Try it: Find the line containing "Reloj Jaeger-LeCoultre para" in the records below. Copy exactly that line and each one after it, ending at the line containing "Parcela st. 4749", and nothing more.

*** Data to process ***

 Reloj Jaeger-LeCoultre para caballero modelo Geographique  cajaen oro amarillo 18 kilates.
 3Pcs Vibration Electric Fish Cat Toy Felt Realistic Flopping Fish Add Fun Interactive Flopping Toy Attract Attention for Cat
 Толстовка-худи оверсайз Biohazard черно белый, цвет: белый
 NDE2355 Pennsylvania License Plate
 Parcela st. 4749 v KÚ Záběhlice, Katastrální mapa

*** End of Data to process ***
*** Data to process ***

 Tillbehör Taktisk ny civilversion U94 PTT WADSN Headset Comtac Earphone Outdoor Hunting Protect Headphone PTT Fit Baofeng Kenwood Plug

*** End of Data to process ***

Output for this task:
 Reloj Jaeger-LeCoultre para caballero modelo Geographique  cajaen oro amarillo 18 kilates.
 3Pcs Vibration Electric Fish Cat Toy Felt Realistic Flopping Fish Add Fun Interactive Flopping Toy Attract Attention for Cat
 Толстовка-худи оверсайз Biohazard черно белый, цвет: белый
 NDE2355 Pennsylvania License Plate
 Parcela st. 4749 v KÚ Záběhlice, Katastrální mapa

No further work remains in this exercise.